Words with multiple forms are not being indexed correctly. This affects the freq0 file and also the lists you get in the Word Query dialog.
In the freq0 file, I get, for instance, three lines for "of" instead of the one line I ought to have:
of 1 1
of 46 1
of 1 1
This should, surely, be
of 48 3
(the "forms" are distinguished by POS tags -- respectively, ???, IO, and II22).
This is reflected in the WQ dialog as each form of "of" appearing as a separate line in the top half of the word-list, rather than them being combined together in the top half and then separated out in the bottom half. See enclosed graphic.
This is carried over into the XML listing saved from this dialog as well.
Since it is a consistent problem, I'm guessing it has to do with the indexer rather than the client. I don't get this bug with bigger corpora, e.g. the full whack of FLOB (whose freq0 has one line, "of 34094 14"), and it's fine with the BNC too.
Andrew.
bug graphic
Logged In: YES
user_id=1036552
Originator: NO
I tested this with 1.22 and get the correct behaviour so whatever the problem is it appears to have gone away. Strange, I can't explain how it can have arisen, I suspected the addkeys setup but it is quite correct.

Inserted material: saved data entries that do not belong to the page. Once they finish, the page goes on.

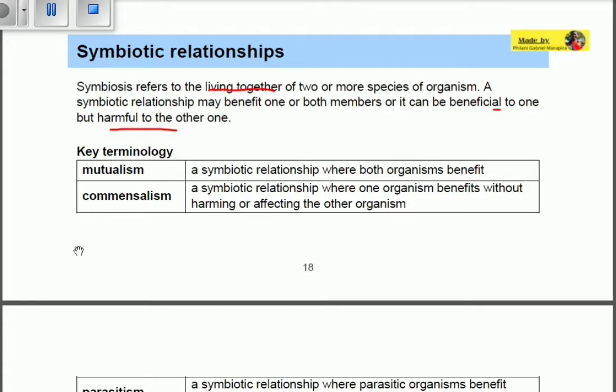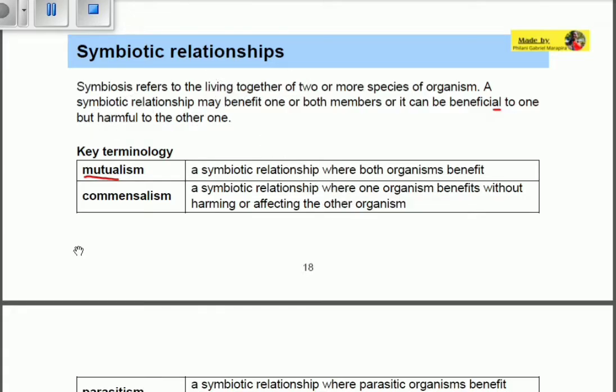Let's look at the key terminology. Mutualism is a symbiotic relationship where both organisms benefit — the result of the relationship benefits both organisms. Commensalism is a symbiotic relationship where one organism benefits without affecting the other organism. Only one organism benefits, but no harm is experienced by the other.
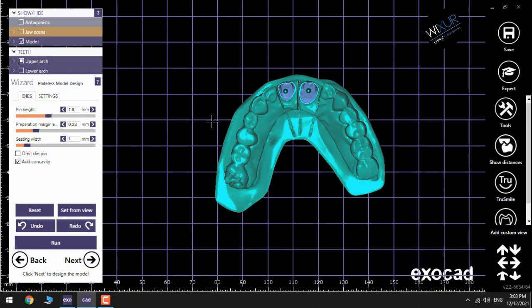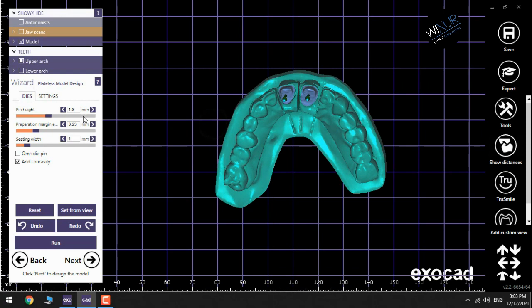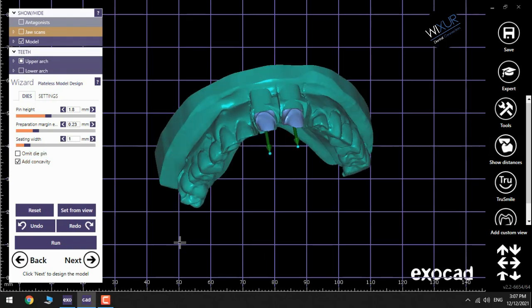Pin height, preparation margin, seeding widths—I use all of them as default. Next.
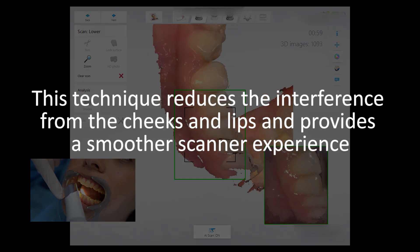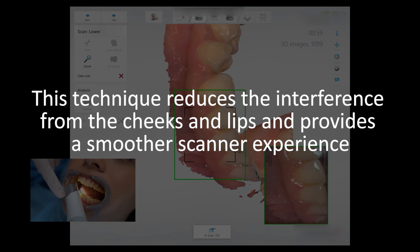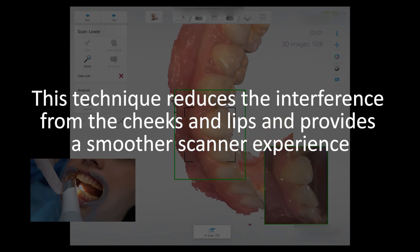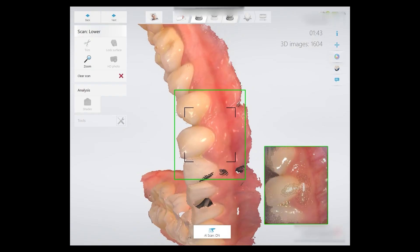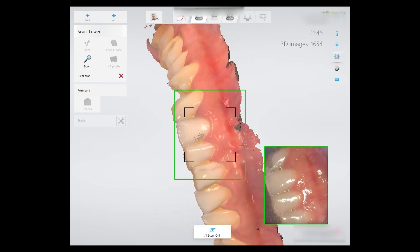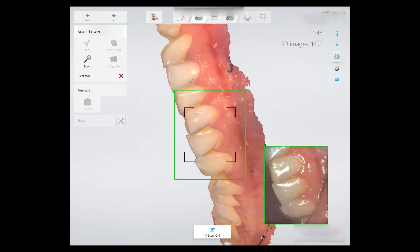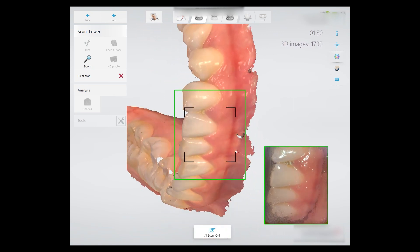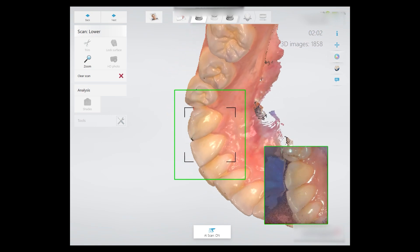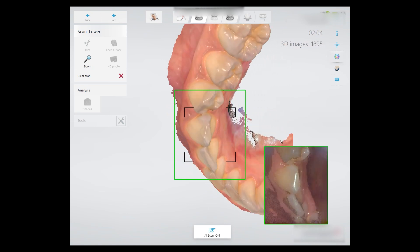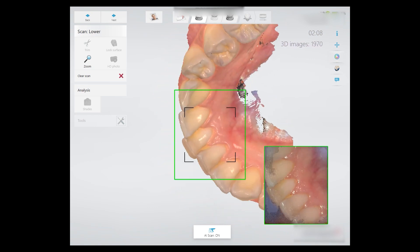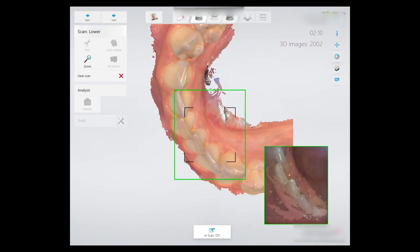This technique reduces the interference from the cheeks and lips and provides a smoother scanning experience. Once the buccal surface is captured, the incisal anatomy of the anteriors is scanned by placing the scanner tip lingually behind the cuspid and lateral, and rolling from the lingual surface to the incisal edge to the buccal surface. Repeat on the contralateral side.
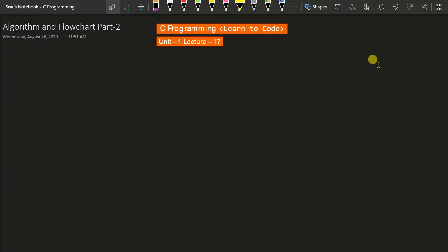Hello and welcome to the course on C Programming, Learn to Code series. This is the 17th lecture of Unit 1 and in this lecture we are going to continue our discussion on Algorithm and Flowchart. This is Part 2 of the Algorithm and Flowchart series. So let's begin.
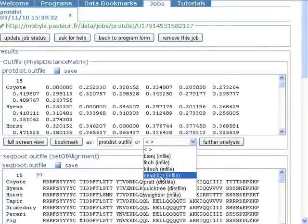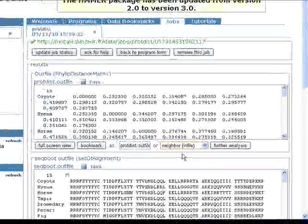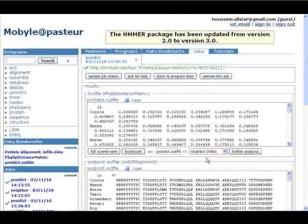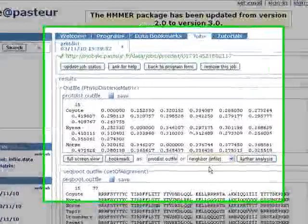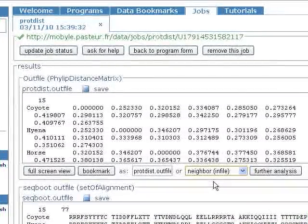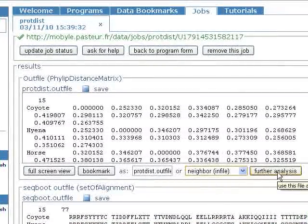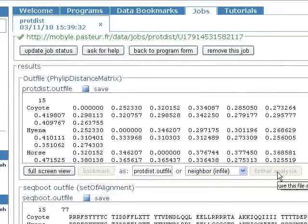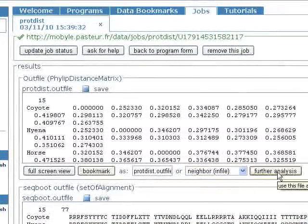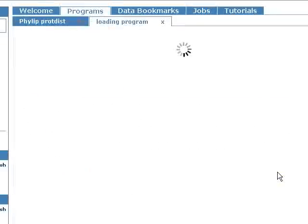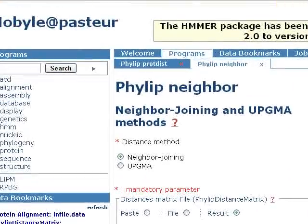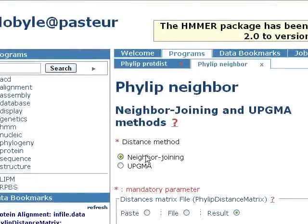Here we will choose neighbor joining. I prefer to choose the neighbor joining method because I find it the most accurate one. Then we click on further analysis and wait a little. Here our distance method is neighbor joining.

Andrew, will you test this when 1.22 appears and report the result here; then if it really has gone away I'll close the bug.
Logged In: YES
user_id=1460495
Originator: YES
No change in 1.22. There are still three separate listings for "of" in both the freq0 file and in the result I get from the Word Query dialog lookup ...
Logged In: YES
user_id=1036552
Originator: NO
I can reproduce this now: I missed it before because it doesn't happen with the debug version. This also makes it rather hard to track, but I'll catch it one way or another!